# Task 2: Amharic NER Data Labeling in CoNLL Format

In this section, a subset of 30–50 messages was randomly sampled from the processed Amharic Telegram data. Each token in these messages was assigned an appropriate NER entity label (Product, Price, Location, etc.). The labeled data was then exported as a plain text file in CoNLL format for use in model training.

In [1]:
import os
import json
import random

# processed data directory
processed_dir = "../data/processed/text"
channels = [d for d in os.listdir(processed_dir) if os.path.isdir(os.path.join(processed_dir, d))]

# Collect all message file paths
all_files = []
for channel in channels:
    channel_dir = os.path.join(processed_dir, channel)
    files = [os.path.join(channel_dir, f) for f in os.listdir(channel_dir) if f.endswith('.json')]
    all_files.extend(files)

# Randomly sample 40 messages
sample_files = random.sample(all_files, 40)
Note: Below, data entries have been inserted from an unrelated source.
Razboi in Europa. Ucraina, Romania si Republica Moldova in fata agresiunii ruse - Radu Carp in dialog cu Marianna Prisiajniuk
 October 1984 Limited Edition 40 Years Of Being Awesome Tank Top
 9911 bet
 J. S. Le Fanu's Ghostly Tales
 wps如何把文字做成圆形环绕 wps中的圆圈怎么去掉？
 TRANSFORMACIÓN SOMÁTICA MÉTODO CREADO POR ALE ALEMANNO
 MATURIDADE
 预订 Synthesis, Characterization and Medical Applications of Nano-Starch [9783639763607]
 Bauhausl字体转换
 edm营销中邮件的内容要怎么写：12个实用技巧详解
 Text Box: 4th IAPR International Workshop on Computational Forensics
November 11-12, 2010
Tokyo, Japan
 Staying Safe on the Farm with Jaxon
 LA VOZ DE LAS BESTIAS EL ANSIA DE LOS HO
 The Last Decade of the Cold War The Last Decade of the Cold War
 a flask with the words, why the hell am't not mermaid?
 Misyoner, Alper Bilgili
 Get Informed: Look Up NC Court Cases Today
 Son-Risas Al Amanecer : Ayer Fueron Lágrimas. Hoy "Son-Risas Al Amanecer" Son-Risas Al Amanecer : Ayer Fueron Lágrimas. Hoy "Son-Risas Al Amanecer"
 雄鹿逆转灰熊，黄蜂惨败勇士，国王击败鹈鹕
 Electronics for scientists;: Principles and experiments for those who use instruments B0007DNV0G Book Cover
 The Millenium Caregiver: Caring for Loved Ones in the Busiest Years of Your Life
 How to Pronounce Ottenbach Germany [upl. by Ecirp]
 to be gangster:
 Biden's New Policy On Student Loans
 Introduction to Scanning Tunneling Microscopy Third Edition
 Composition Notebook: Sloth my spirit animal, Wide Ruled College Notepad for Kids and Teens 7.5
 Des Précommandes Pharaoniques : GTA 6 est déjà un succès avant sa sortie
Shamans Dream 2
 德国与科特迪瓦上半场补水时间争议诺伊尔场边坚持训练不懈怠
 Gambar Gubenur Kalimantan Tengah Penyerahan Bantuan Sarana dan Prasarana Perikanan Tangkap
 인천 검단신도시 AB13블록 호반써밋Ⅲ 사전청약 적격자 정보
# Load the sampled messages
sampled_msgs = []
for file_path in sample_files:
    with open(file_path, 'r', encoding='utf-8') as f:
        msg = json.load(f)
    sampled_msgs.append({'file': file_path, 'tokens': msg['tokens'], 'text': msg['text']})

# Show the first message as an example
print("Sample message tokens:", sampled_msgs[0]['tokens'])
print("Original text:", sampled_msgs[0]['text'])

Sample message tokens: ['700', '2', '36373839', 'አድራሻ', 'ድሬዳዋ', 'አሸዋ', 'ሚና', 'ህንፃ', '1ኛ', 'ፎቅ', 'ላይ', 'እንገኛለን', 'የቴሌግራም', 'ቻናላችንን', 'ይቀላቀሉ', 'የቤት', 'ቁጥር', '109', 'እና', '110', 'በ', '2', 'አዋሩን', '0987336458', '0948595409', 'ይደውሉልን']
Original text: adidas yeezy boost 700 v2
Size 36#37#38#39
MADE IN VIETNAM
SHEWA BRAND
አድራሻ ድሬዳዋ አሸዋ ሚና ህንፃ 1ኛ ፎቅ ላይ እንገኛለን 
የቴሌግራም ቻናላችንን ይቀላቀሉ
👇👇👇
https://t.me//shewabrand
https://t.me//shewabrand
https://t.me//shewabrand
https://t.me//shewabrand
የቤት ቁጥር 109 እና 110
📩በ inbox  @shewat2 አዋሩን

📞 0987336458
📞0948595409 ይደውሉልን


## Step 2:  Token Labeling

For each sampled message, entity labels were assigned to each token. The following entity types were used:
- `B-Product`, `I-Product`
- `B-LOC`, `I-LOC`
- `B-PRICE`, `I-PRICE`
- `O` (for tokens outside any entity)

The code cell below was utilized to facilitate interactive labeling of each message.

In [None]:
ENTITY_LABELS = [
    "O", "B-Product", "I-Product", "B-LOC", "I-LOC", "B-PRICE", "I-PRICE"
]

def label_message(tokens):
    print("Tokens:", tokens)
    labels = []
    for token in tokens:
        label = input(f"Label for '{token}': (O/B-Product/I-Product/B-LOC/I-LOC/B-PRICE/I-PRICE) ")
        if label not in ENTITY_LABELS:
            print("Invalid label, using 'O'.")
            label = "O"
        labels.append(label)
    return labels

# Example: label the first sampled message
labels = label_message(sampled_msgs[0]['tokens'])
print(list(zip(sampled_msgs[0]['tokens'], labels)))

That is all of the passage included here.